## Caption-style text data

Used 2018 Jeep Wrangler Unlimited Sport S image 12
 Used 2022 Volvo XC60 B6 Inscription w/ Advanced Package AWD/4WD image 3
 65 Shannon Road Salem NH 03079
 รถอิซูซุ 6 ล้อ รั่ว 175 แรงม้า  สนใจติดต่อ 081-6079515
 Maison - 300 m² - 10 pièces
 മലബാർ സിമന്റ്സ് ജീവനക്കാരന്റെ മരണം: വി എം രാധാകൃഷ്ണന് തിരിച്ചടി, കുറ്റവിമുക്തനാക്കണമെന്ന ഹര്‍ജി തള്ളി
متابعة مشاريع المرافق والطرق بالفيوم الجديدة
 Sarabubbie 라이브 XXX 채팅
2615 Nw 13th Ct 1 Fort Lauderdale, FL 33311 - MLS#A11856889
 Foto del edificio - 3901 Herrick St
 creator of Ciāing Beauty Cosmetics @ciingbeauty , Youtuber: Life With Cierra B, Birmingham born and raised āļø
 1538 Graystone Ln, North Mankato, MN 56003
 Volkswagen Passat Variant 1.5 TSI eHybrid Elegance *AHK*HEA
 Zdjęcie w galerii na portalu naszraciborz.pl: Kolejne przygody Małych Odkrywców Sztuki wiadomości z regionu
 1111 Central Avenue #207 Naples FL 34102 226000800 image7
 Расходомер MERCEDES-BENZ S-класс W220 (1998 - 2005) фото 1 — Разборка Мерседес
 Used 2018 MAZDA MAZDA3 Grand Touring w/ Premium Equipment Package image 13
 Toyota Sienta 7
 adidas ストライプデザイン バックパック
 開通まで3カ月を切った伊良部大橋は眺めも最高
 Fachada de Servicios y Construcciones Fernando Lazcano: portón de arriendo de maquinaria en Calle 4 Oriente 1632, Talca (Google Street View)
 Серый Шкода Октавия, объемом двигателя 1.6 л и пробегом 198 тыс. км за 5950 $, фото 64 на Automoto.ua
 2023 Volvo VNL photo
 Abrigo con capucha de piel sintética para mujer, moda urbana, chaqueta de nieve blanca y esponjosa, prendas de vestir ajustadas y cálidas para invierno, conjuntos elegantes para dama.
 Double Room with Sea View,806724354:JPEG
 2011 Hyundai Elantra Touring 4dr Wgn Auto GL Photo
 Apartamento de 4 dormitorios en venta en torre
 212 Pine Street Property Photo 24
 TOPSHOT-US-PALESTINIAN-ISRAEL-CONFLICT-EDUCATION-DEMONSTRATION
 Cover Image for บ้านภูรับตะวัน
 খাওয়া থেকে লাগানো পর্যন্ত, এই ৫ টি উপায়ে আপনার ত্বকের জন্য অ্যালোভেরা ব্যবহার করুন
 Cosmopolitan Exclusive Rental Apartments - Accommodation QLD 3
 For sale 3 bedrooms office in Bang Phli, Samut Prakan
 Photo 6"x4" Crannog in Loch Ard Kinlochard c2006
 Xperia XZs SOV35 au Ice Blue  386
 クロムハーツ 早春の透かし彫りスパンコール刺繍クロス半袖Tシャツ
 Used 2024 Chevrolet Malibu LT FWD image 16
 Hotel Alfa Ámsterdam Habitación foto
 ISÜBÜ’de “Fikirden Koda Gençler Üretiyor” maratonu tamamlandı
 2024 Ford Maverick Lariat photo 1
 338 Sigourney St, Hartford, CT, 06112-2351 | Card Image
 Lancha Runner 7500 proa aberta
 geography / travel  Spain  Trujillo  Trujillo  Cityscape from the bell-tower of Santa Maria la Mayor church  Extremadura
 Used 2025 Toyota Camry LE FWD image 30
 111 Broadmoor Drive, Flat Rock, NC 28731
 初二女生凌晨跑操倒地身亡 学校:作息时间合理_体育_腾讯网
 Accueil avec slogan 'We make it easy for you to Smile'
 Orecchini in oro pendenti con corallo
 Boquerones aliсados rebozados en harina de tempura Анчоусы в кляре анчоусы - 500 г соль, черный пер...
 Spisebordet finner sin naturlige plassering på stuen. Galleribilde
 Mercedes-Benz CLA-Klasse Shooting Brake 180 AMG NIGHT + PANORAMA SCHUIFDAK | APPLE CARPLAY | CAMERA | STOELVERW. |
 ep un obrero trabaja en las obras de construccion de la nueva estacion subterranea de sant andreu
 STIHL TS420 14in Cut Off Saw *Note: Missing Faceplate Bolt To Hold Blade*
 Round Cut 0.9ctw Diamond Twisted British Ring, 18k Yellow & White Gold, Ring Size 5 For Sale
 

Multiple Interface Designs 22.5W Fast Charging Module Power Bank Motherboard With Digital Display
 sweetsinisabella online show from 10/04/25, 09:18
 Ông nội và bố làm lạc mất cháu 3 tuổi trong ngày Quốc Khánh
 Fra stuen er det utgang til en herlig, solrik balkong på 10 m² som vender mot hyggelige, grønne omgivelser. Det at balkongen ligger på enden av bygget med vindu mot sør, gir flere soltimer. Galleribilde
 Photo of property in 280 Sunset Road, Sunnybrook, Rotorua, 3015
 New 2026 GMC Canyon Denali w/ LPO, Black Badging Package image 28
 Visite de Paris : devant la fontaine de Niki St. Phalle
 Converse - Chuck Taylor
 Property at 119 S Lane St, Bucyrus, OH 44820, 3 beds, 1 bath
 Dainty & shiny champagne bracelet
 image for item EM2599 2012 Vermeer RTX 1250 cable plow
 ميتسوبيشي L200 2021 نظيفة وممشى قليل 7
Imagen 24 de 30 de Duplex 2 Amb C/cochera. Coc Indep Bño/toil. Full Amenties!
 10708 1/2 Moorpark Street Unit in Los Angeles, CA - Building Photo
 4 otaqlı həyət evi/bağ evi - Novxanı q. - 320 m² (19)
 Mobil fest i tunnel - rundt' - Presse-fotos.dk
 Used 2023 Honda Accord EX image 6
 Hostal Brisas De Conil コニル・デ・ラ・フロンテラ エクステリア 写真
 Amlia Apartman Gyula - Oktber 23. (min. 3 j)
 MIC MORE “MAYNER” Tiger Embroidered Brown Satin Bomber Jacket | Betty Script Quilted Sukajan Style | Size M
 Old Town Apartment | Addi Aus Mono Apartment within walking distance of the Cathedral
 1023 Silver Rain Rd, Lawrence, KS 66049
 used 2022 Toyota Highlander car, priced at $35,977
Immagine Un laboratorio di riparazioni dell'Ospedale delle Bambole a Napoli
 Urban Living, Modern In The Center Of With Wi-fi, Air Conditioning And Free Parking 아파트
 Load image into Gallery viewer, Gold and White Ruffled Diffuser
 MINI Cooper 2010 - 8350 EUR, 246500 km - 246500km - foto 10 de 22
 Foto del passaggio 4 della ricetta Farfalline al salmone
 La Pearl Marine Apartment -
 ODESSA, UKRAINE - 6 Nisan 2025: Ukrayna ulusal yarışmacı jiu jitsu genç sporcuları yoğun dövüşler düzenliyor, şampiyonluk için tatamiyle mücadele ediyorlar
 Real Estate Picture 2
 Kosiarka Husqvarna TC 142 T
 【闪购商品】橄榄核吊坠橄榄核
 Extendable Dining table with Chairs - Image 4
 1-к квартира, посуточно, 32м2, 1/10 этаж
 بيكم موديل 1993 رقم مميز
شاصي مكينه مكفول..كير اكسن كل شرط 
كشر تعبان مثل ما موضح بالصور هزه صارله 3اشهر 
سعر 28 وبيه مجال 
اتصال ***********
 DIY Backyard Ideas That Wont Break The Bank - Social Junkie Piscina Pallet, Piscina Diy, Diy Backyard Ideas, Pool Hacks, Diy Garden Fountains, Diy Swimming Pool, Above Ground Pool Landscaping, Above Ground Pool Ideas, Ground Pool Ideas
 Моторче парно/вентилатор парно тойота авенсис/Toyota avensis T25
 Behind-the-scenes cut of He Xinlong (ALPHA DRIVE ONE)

## Work order
Nothing beyond the lines from the start of the entries through the line with "Foto del edificio - 3901 Herrick St" should appear. Repeat those lines exactly, both ends included.

## The answer
Used 2018 Jeep Wrangler Unlimited Sport S image 12
 Used 2022 Volvo XC60 B6 Inscription w/ Advanced Package AWD/4WD image 3
 65 Shannon Road Salem NH 03079
 รถอิซูซุ 6 ล้อ รั่ว 175 แรงม้า  สนใจติดต่อ 081-6079515
 Maison - 300 m² - 10 pièces
 മലബാർ സിമന്റ്സ് ജീവനക്കാരന്റെ മരണം: വി എം രാധാകൃഷ്ണന് തിരിച്ചടി, കുറ്റവിമുക്തനാക്കണമെന്ന ഹര്‍ജി തള്ളി
متابعة مشاريع المرافق والطرق بالفيوم الجديدة
 Sarabubbie 라이브 XXX 채팅
2615 Nw 13th Ct 1 Fort Lauderdale, FL 33311 - MLS#A11856889
 Foto del edificio - 3901 Herrick St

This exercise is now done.